TASK>
Give back exactly the lines of the material below that start at the one holding "Photo un mouton" and end at the last line, minus the pictures.

INFORMATION SHOWN>
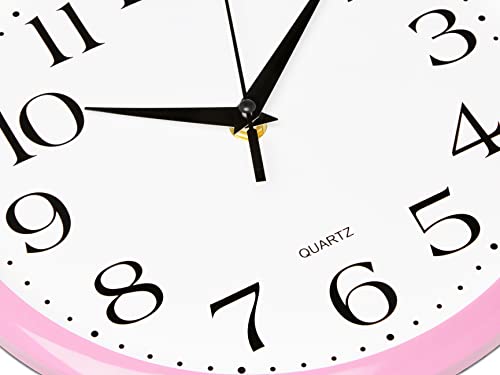 Image of Bernhard Products Light Pink Wall Clock Silent Non Ticking - 10 Inch Quality Quartz Battery Operated Round Easy to Read Home /Kitchen /Office /Classroom /School Clock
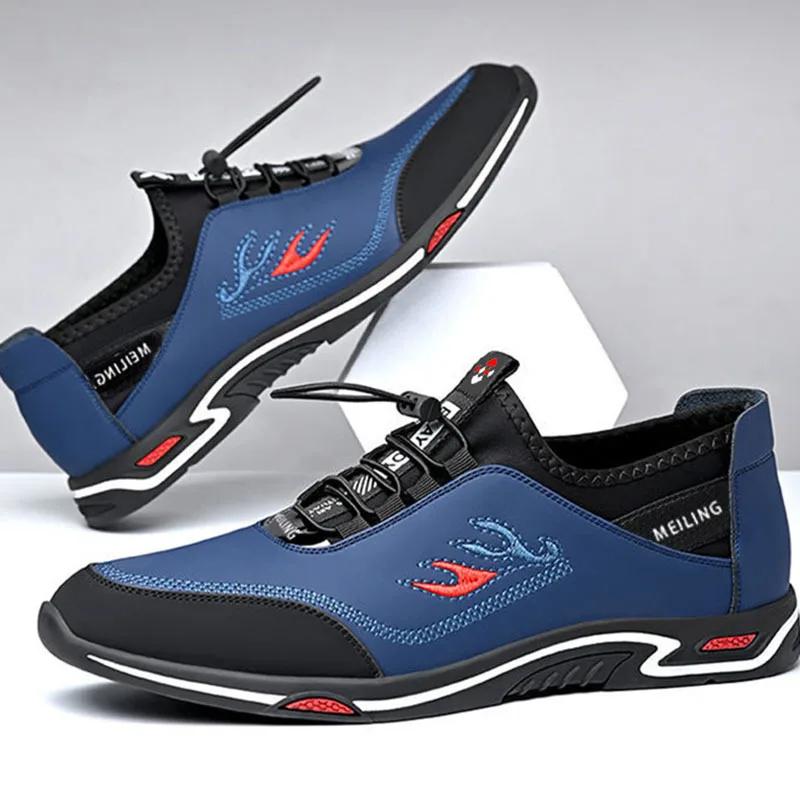 Fashion Men' Casual Canvas Shoes Summer Shallow Leather Shoe Breathable Shoes for Men Outdoor Driving Shoes Original Lace-up Men Loafers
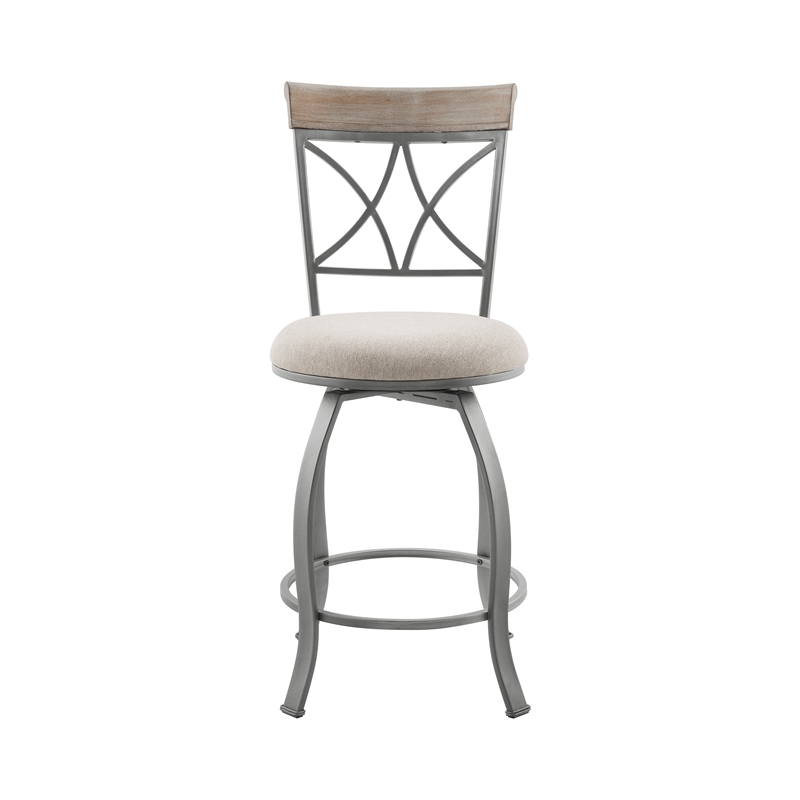 Pemberly Row Metal Swivel Counter Stool Padded Beige Seat in Matte Pewter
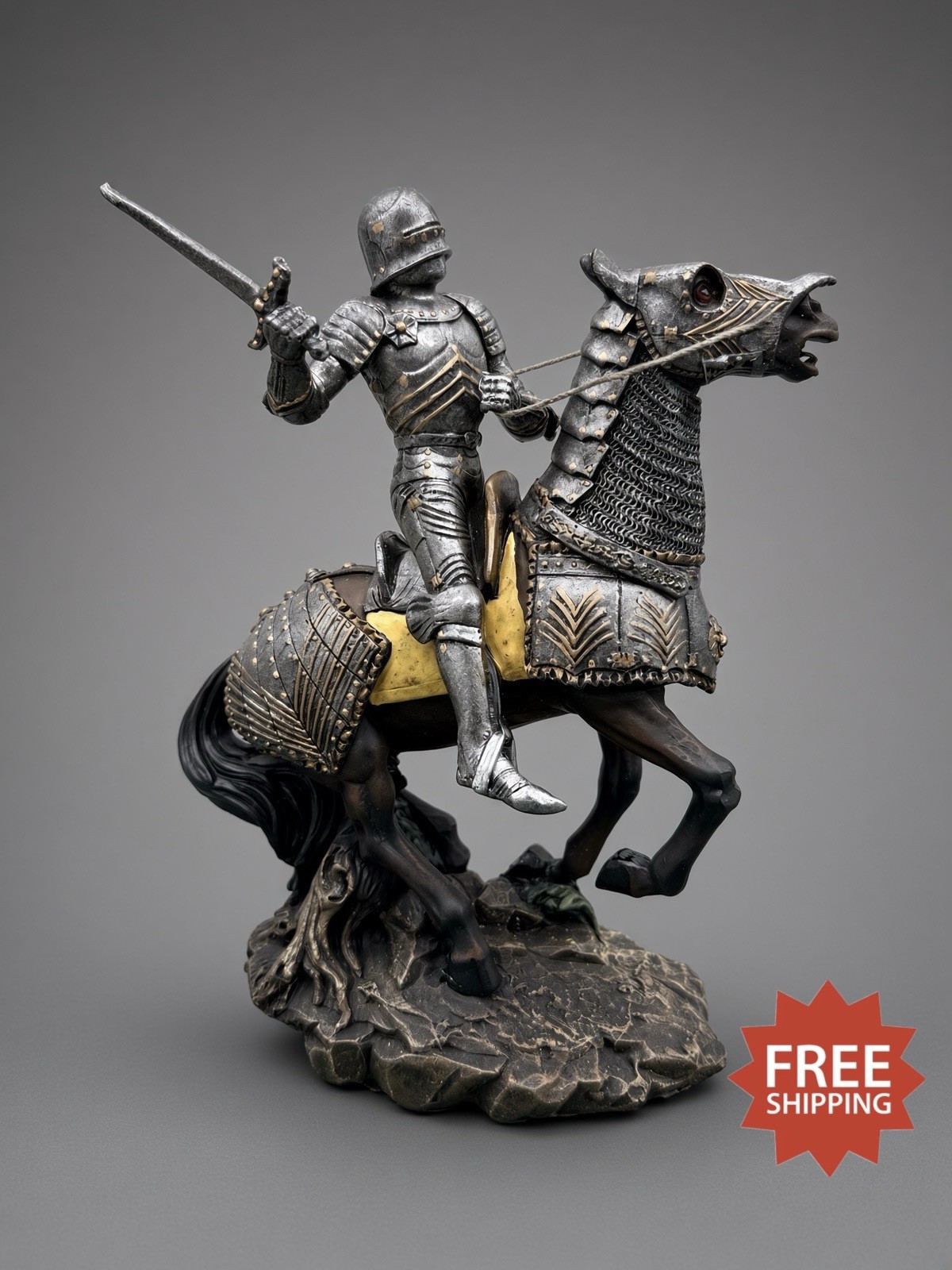 Pacific Giftware Knight On Horse 10954 Resin Crusader Figurine Statue - NIB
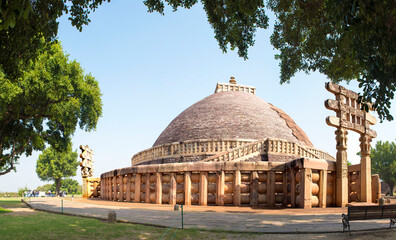 Sanchi / India 17 October 2017  panoramic view of Sanchi Great Stupa Ancient Buddhist Monument at...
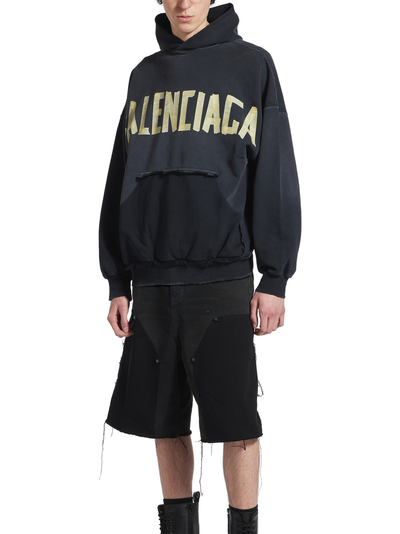 Balenciaga Taped Logo Ripped Pocket Oversized Hoodie in Faded Black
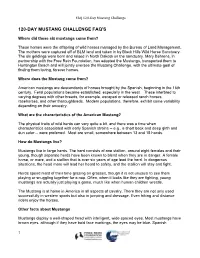 120-Day Mustang Challenge Faq's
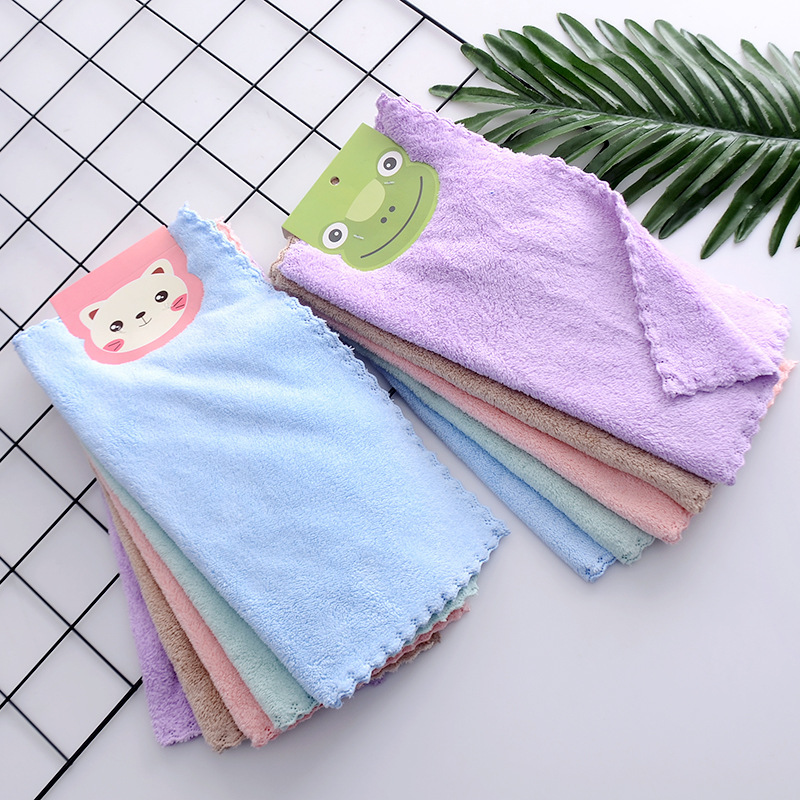 Baby baby towel 30x 30 absorbent towel embroidered logo coral fleece square towel wholesale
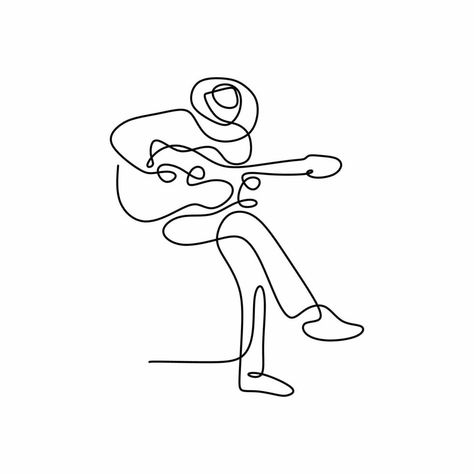 Single Line Illustration, Man Playing Guitar Drawing, Guitarist Tattoo, Guitar Line Drawing, Guitarist Drawing, Guitarist Illustration, Guitar Draw, Playing Guitar Drawing, Musician Drawing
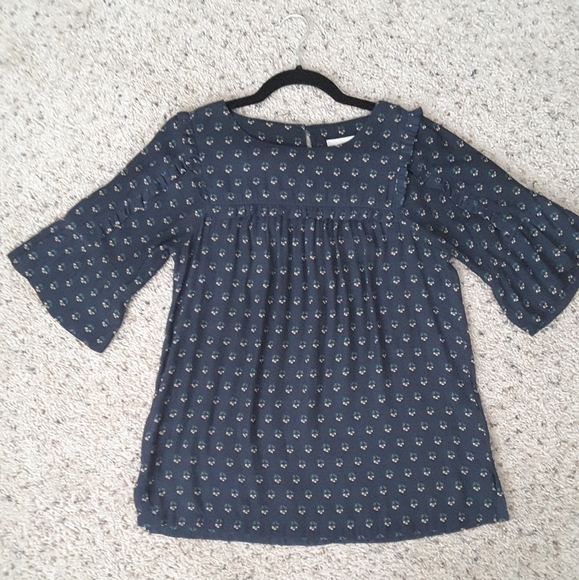 Ann Taylor LOFT Budding Ruffle Trim Navy Top - Picture 4 of 6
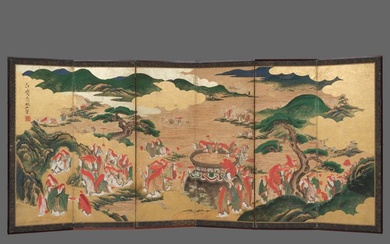 Byōbu folding screen - Gold leaf, Lacquered wood, Silk - Japan - Edo Period (1600-1868)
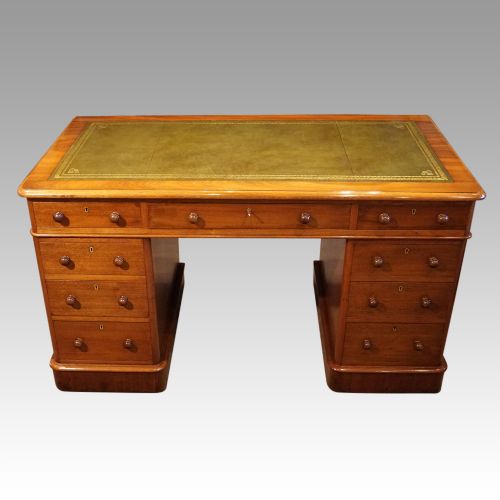 Victorian Walnut Pedestal Desk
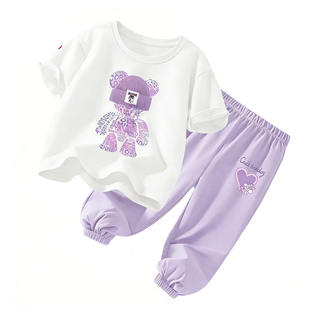 巴布豆女童夏套装2026新款8岁女孩衣服薄款防蚊裤儿童短袖运动服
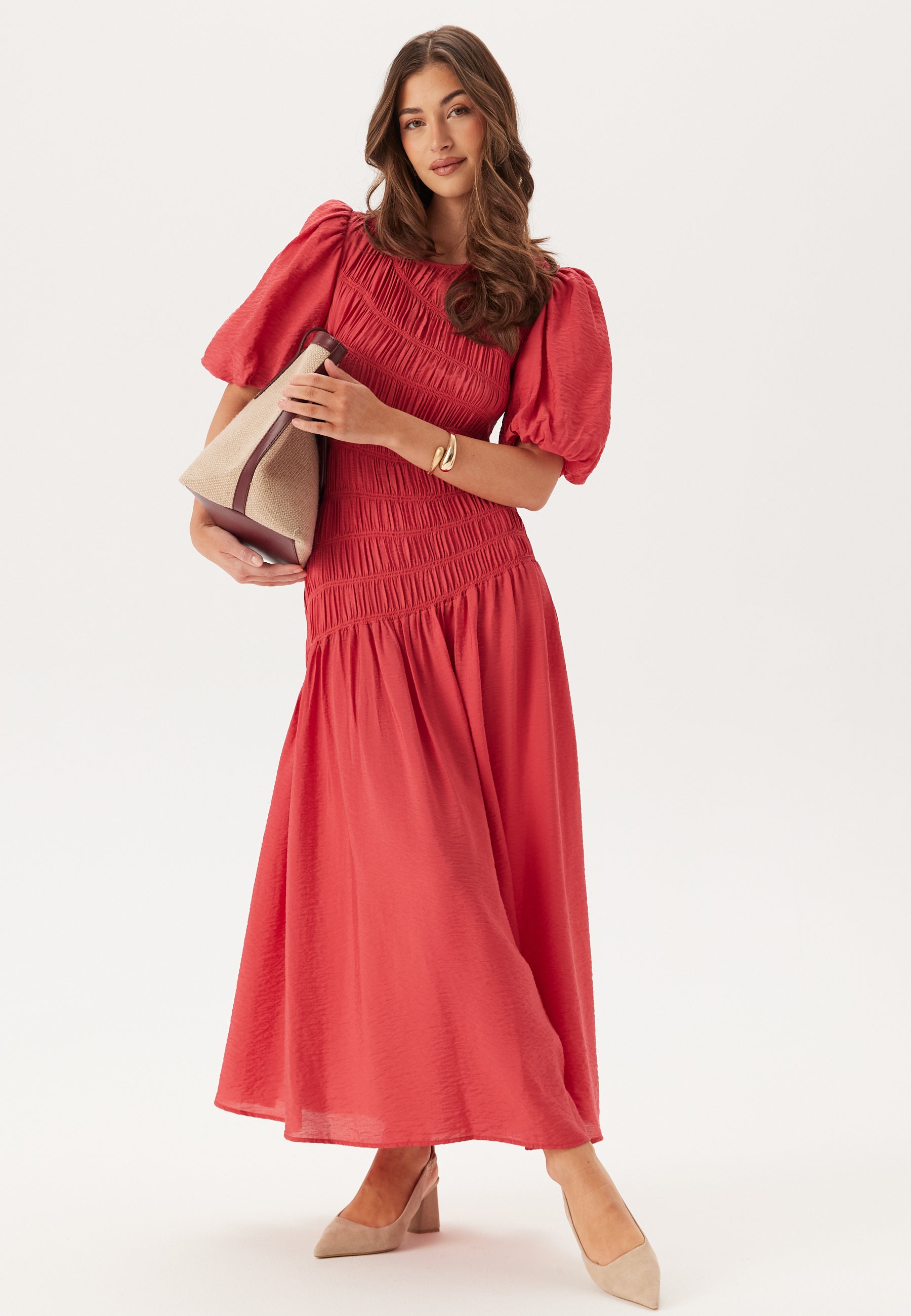 Bubbleroom occasion – CC Puff Sleeve Smock Dress – Dresses – Red Bubbleroom occasion – CC Puff Sleeve Smock Dress – Dresses – Red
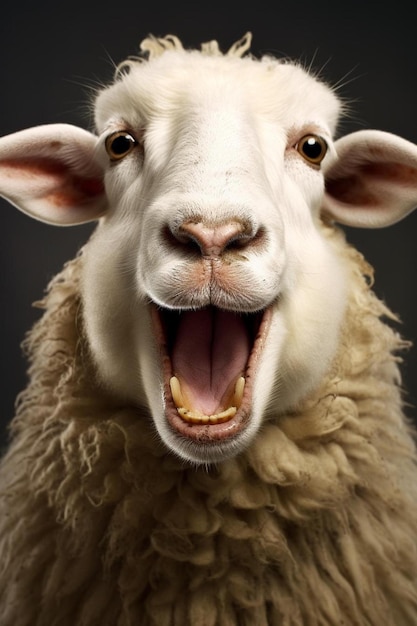 Photo un mouton avec sa bouche ouverte et le mot mouton dessus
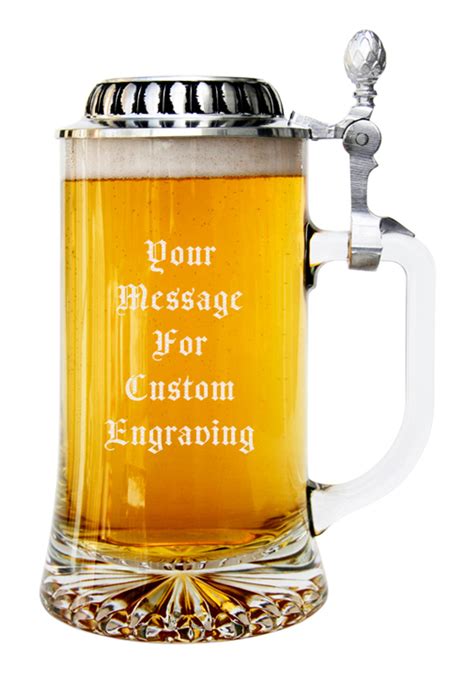 Custom Engraved Glass Beer Stein with Plateau Pewter Lid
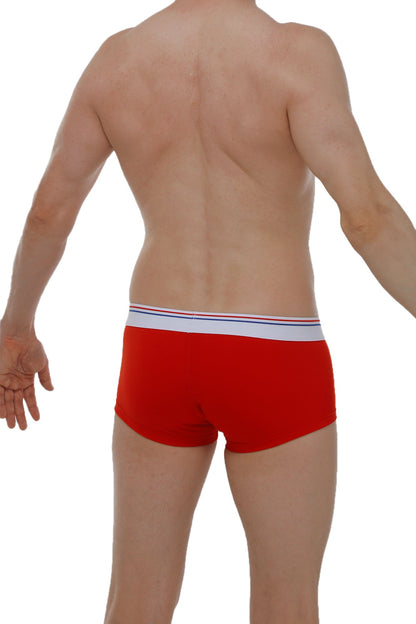 Petitq boxer chillax modal red briefs in red with a white waistband featuring thin blue and red stripes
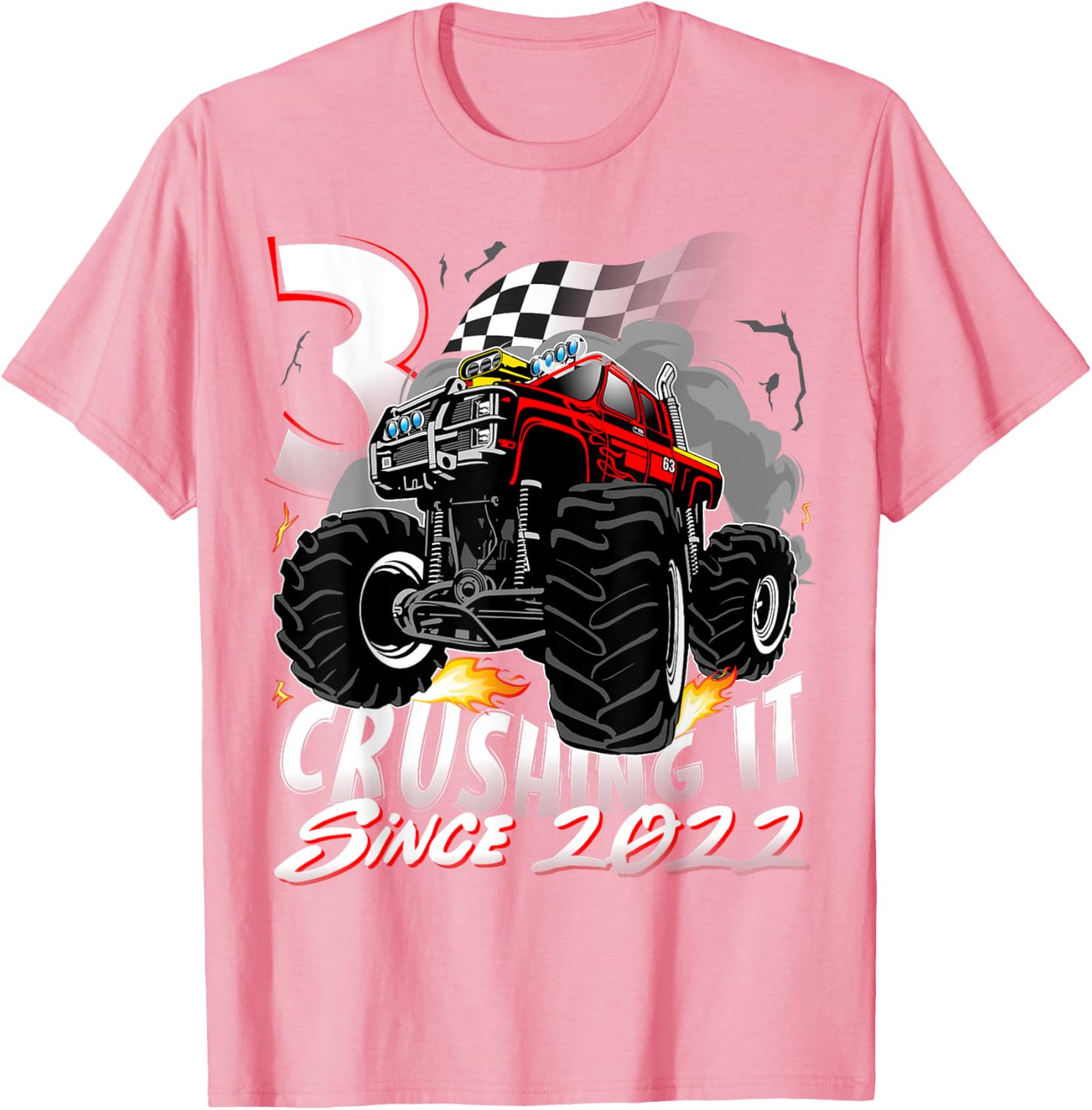 Cool Monster Truck Birthday T-Shirt for 3 Year Old Boys Born 2022 - 2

YOUR SOLUTION>
 Photo un mouton avec sa bouche ouverte et le mot mouton dessus
 Custom Engraved Glass Beer Stein with Plateau Pewter Lid
 Petitq boxer chillax modal red briefs in red with a white waistband featuring thin blue and red stripes
 Cool Monster Truck Birthday T-Shirt for 3 Year Old Boys Born 2022 - 2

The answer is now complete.